▸ Work item: Your copy of the data should match it exactly, leaving out only the pictures.

▸ Supplied data:
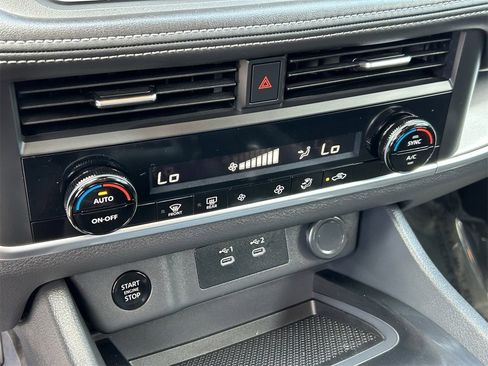 New 2026 Nissan Rogue SV image 24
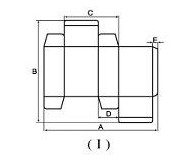Crash Lock Bottom Folder Gluer Machine With Remote Control Airplanes 0-220m / min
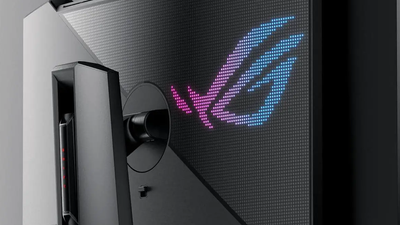 Asus' new high-end ROG Swift PG32UCDM3 monitor leaks with a 240 Hz QD-OLED display and a BlackShield coating — new coating should offer 40% deeper black levels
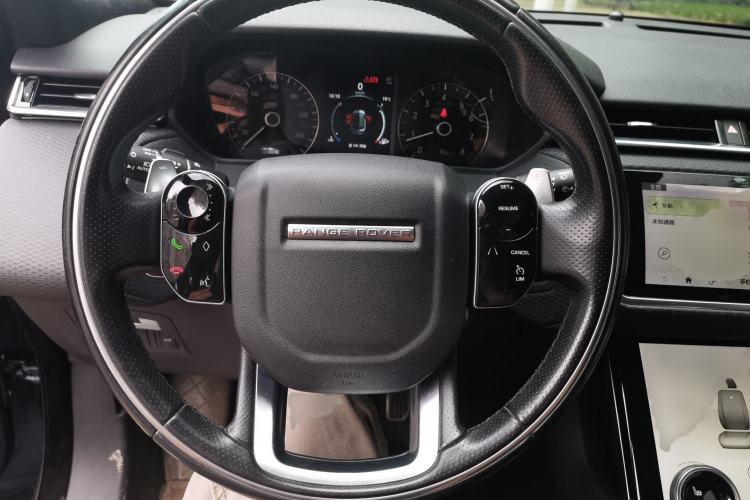 Used Land Rover Range Velar 2020 P250 R-DYNAMIC S Steering Wheel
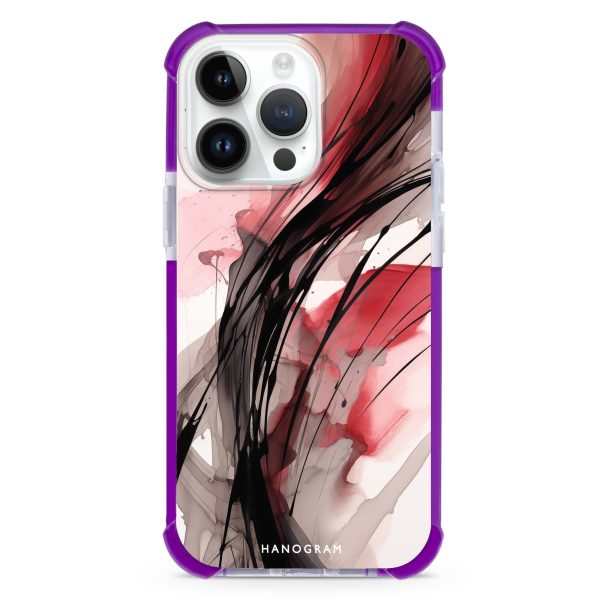 Artisan Strokes iPhone 15 Pro Ultra Shockproof Case Online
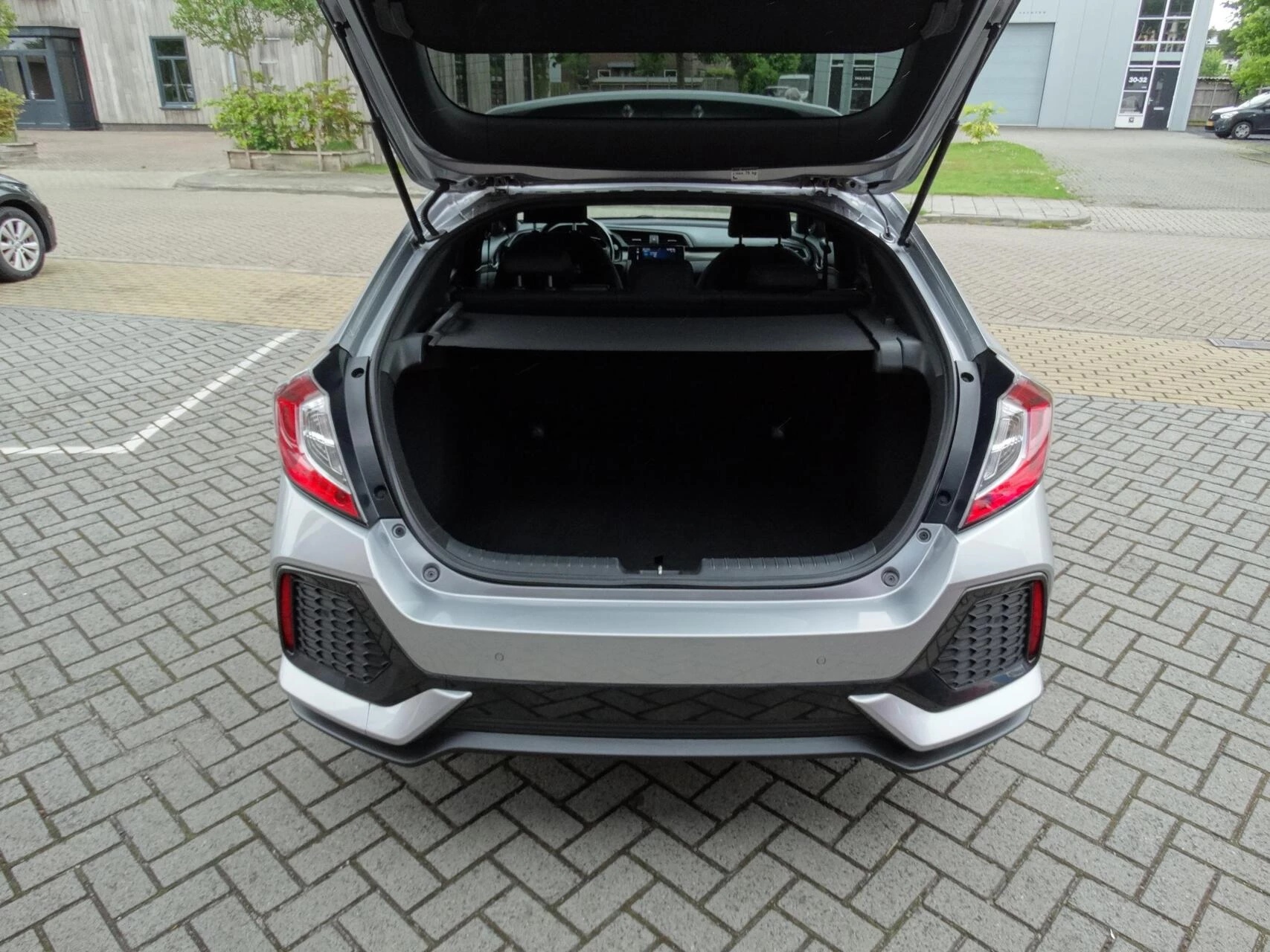 Hoofdafbeelding Honda Civic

▸ Exercise solution:
 New 2026 Nissan Rogue SV image 24
Crash Lock Bottom Folder Gluer Machine With Remote Control Airplanes 0-220m / min
 Asus' new high-end ROG Swift PG32UCDM3 monitor leaks with a 240 Hz QD-OLED display and a BlackShield coating — new coating should offer 40% deeper black levels
 Used Land Rover Range Velar 2020 P250 R-DYNAMIC S Steering Wheel
 Artisan Strokes iPhone 15 Pro Ultra Shockproof Case Online
 Hoofdafbeelding Honda Civic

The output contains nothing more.